Even so, the best bet must be that the EU will hang together again in 2016, if only due to the trepidation among member states about the implications of going it alone. European citizens may rail against what they regard as an increasingly over-mighty EU, but their governments will continue to look to Brussels for solutions to crises that they are too weak to manage alone.
Even the reluctant British are ultimately likely to opt for the security of continued membership of a club that allows them to shape the continent’s responses to common challenges.
“Overall the EU has been a massive success economically for its member countries, even if it has not enjoyed the harmonious political unity that its founders had hoped for,” continued Petherick.
“Some countries may indeed feel that they might be better off if they were independent from the EU, but trade in Europe is imperative in order to survive. Europe is now one of the largest markets in the world and is likely to get even bigger.
“So one of the biggest challenges for the EU is to decide to what extent it wishes to control its members. Having a single free market and a single currency might be the extent of it. Some of its wealthier members are reluctant about poorer nations joining. They fear they will only end up supporting these countries financially, which is a prophecy that has come home to roost for Germany. Being the region’s strongest economy, it is considered to be the paymaster of Europe, shouldering the burden of helping to bail out more troubled eurozone nations. But it can only do this for so long.
“The other fear is the free movement of labour within the EU. While having resulted in a huge influx of migrants into wealthier countries, it has also provided a huge boost to the economies of member states, refreshing markets blighted by labour shortages due to falling fertility rates and ageing populations.
Refugee crisis
“Now, on top of this, we have had the refugee crisis, which represents the largest population movement in Europe since the Second World War. Its size and complexity make it difficult to draw simple economic conclusions.
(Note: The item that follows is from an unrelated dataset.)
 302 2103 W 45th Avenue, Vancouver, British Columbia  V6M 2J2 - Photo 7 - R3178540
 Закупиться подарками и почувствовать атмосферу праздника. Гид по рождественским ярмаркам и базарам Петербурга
The affected countries in Europe – from Germany to Greece – have different capacities to respond and are receiving refugees with vastly different skills and backgrounds. Still, studies on previous waves of refugees are encouraging. Contrary to popular perception, they show that asylum-seekers do not necessarily depress the wage of natives.
“But ultimately it is popular perceptions that will decide the future of the European project. While the heads of member states are politically committed to the EU, how will their citizens respond to seeing refugees pouring over their borders in ever increasing numbers? When will they say enough is enough? We will get an indication of this when Britain puts its continued EU membership to the vote.
“There has been growing disillusionment with the European Union among its citizens for a number of years now, and what is certain is that at the end of the day it will be they who will decide whether the EU survives and in what form.”